Some of the most eagerly anticipated features now available in SQL Server 2019 relate to expanded data virtualization capabilities. Data virtualization enables you to bring all your data together when you query it instead of using complex ETL procedures to physically move the data into one place. In other words, the data stays in its original location, but you can query it just as if it was local.
Data virtualization in SQL Server uses built-in technology known as PolyBase. PolyBase has been available in SQL Server since 2016, but the types of data sources it can query have been significantly expanded in SQL Server 2019. These include Hadoop, Azure Blob Storage, external SQL Server instances, Oracle, Teradata, MongoDB, and any database using ODBC standards. Of course, if your data is in a CSV file, you can query that, too.
Given the growing practice of choosing the database type that best fits the purpose at hand rather than defaulting to one standard or another across the enterprise, PolyBase is likely to become an essential part of the DBA’s toolkit. It allows those different data sources to be consumed and analyzed in an efficient manner.
One of the latest buzzword is “Big Data Clusters”. Thankfully, PolyBase is a natural complement to SQL Server Big Data Clusters. These scalable clusters of SQL Server, Spark, and HDFS Containers run on Kubernetes. This empowers you to analyze big data using Transact-SQL or Spark—putting relational data and big data on equal footing to maximize the value of your entire data estate. With PolyBase, you can use Big Data Clusters to query external data sources without moving or copying the data. This provides an interesting alternative to data lake or data mart approaches that require moving or ingesting data into a centralized system.
If you have SQL Server 2019 Enterprise Edition, you already have access to PolyBase. It’s relatively simple to enable it on a SQL Server instance. When setting up the metadata to access the external data sources, a master key is used to secure access. Once this is accomplished, you can create a database scoped credential to authenticate against those sources. The next step is to specify the external data source, including its location. If you want to keep the external table that defines data source objects separate from internal tables, you can create an external schema.
Once it’s all set up, querying is completely transparent—you can run queries just as if the data was stored in the local database. In fact, PolyBase can push the compute to the external source, often resulting in significant performance improvements. Just remember to enable this “pushdown” feature when you’re setting up your virtualized data sources and keep an eye on the performance of your target database.
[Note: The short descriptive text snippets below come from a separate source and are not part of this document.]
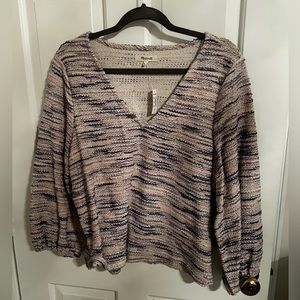 NWT size XL madewell boucle sweater top with puff sleeves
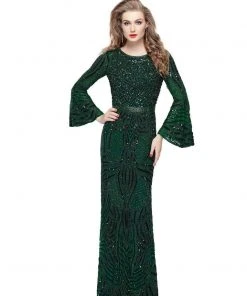 Primavera Couture - 1964 Bell Sleeve Cutout Sequined Gown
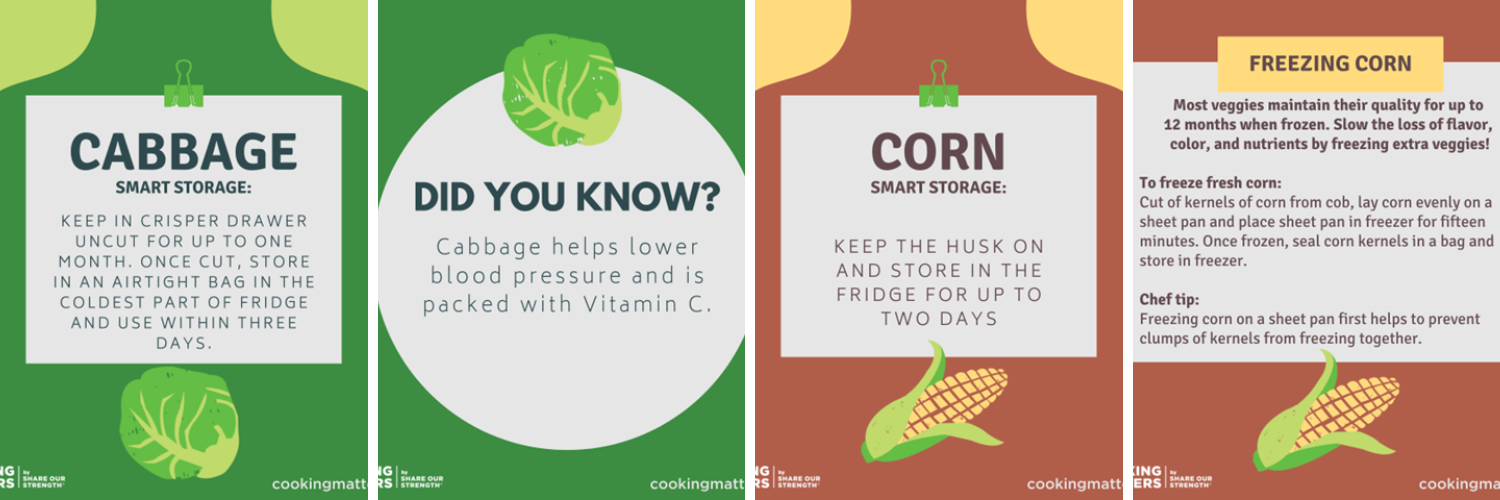 examples of nutrition nuggets signage - tips on cabbage and corn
With fluid, high performance data virtualization built into SQL server 2019, it’s now possible to create innovative solutions that use heterogeneous data in a fraction of the time it would take to design and deploy a traditional data warehouse. In general, virtualization requires less hardware, fewer software licenses, less coding, and just generally less hassle. While it certainly won’t eliminate the need to move data, it opens many new exciting possibilities for getting value from what you have, where you have it.
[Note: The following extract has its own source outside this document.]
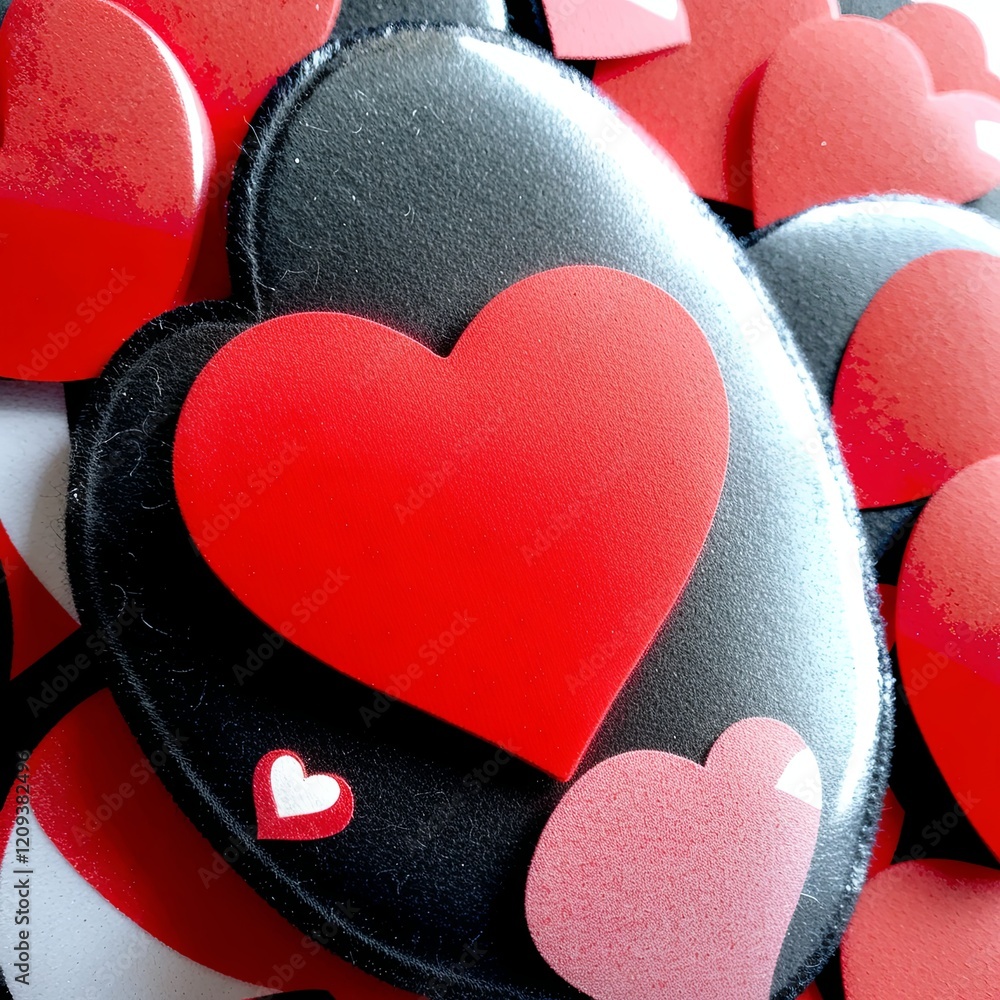 Poster a collection of hearts in various sizes and colors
Data virtualization is a game changer for data professionals as it allows data consumption from a centralized location. This will help to make the process easier to develop, enhance and maintain. Microsoft continues to enhance the realm of data with these new features and I’m excited to see what they bring to the table next. To learn more about what you can do with Microsoft SQL 19, check out the free Packt guide Introducing Microsoft SQL 19.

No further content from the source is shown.